A partire da alcuni titoli di capitoli, come Madri, gli dovete tutto oppure L’impero del bambino e da altrettanti paragrafi eloquenti, tipo Maternità e ascetismo, La madre prima del padre, Il bambino prima della coppia, Il bambino prima della donna, si comprende senza il bisogno di ulteriori spiegazioni quale sia il pensiero della scrittrice: il bambino è un problema che assorbe totalmente la madre e le toglie tempo e risorse. Il figlio è il vero responsabile del fallimento della donna nella battaglia femminista per i pari diritti con l’uomo e per le stesse opportunità nel mondo del lavoro. Ci sarà sempre, per cause naturali, un handicap intrinseco alla donna e che le fa perdere punti sull’uomo: la sua maternità.

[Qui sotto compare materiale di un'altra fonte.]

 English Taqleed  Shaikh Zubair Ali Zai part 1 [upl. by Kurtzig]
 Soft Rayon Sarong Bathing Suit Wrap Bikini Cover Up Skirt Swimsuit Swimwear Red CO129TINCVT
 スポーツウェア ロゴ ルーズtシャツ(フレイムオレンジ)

Non è vero però – come accennavo sopra – che la madre perfetta non esista, così come ci racconta, nella traduzione italiana, il titolo del libro. Per la Badinter, infatti, la madre perfetta (storicamente) è quella francese, anche se questa perfezione, a dire il vero, avverte anch’essa le minacce della crisi economica e del ritorno al naturalismo. Le francesi hanno da sempre anteposto la donna alla madre: “Dal XVII secolo e soprattutto nel XVIII secolo, il modello femminile è lontano dall’esaurirsi nella maternità”; “Le aristocratiche,
libere dalle preoccupazioni materiali, furono le prime a praticare l’arte di vivere senza figli. Dal XIII secolo tutte le donne dell’alta borghesia affidavano sistematicamente i loro figli appena nati alle balie. Ma è nel XVIII secolo che il fenomeno si estende a tutti gli strati della società urbana”; “La società intera approvava questa pratica e le donne stesse non sembravano lamentarsene. Al contrario, numerose testimonianze dell’epoca mostrano che se ne felicitavano. Perché, oltre al fatto che il bambino costituisce un ostacolo alla loro vita sessuale, è anche, a ogni età, un fastidio per i loro piaceri e la loro vita mondana” (pp. 155-156).

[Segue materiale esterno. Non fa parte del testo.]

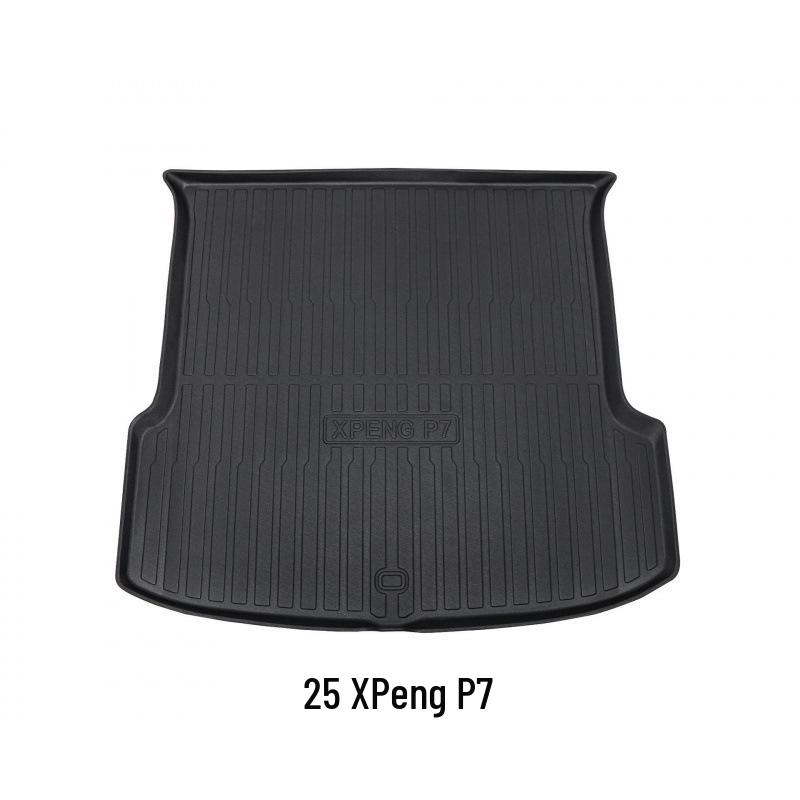 2025 Xiaopeng P7+ Trunk Mat TPE Tail Box Car Interior Accessory Custom-Fit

Insomma, per la studiosa femminista, la donna del secolo dei Lumi, che poteva liberarsi dal fardello della maternità, non esauriva la propria identità nell’essere madre. E oggi, ancora più di prima, grazie all’ “invenzione” (francese, guarda caso) dei nidi e delle scuole materne, grazie al biberon e alle formule artificiali, grazie alla pillola anticoncezionale, la donna può scegliere quando e come diventare madre. Ovvero, grazie al cielo, può restare donna (culturalmente, socialmente, professionalmente, cioè con questi connotati “alti”) senza rinunciare (se proprio lo desidera) ad essere madre.
Ma che tipo di madre, mi chiedo? Di un tipo che delega, che non si occupa in prima persona della prole perché ha da pensare a cose più importanti di poppanti mocciosi e affamati e che riguardano, in una parola, una mondanità in cui non è contemplato – questa è la verità – spazio alcuno per i figli.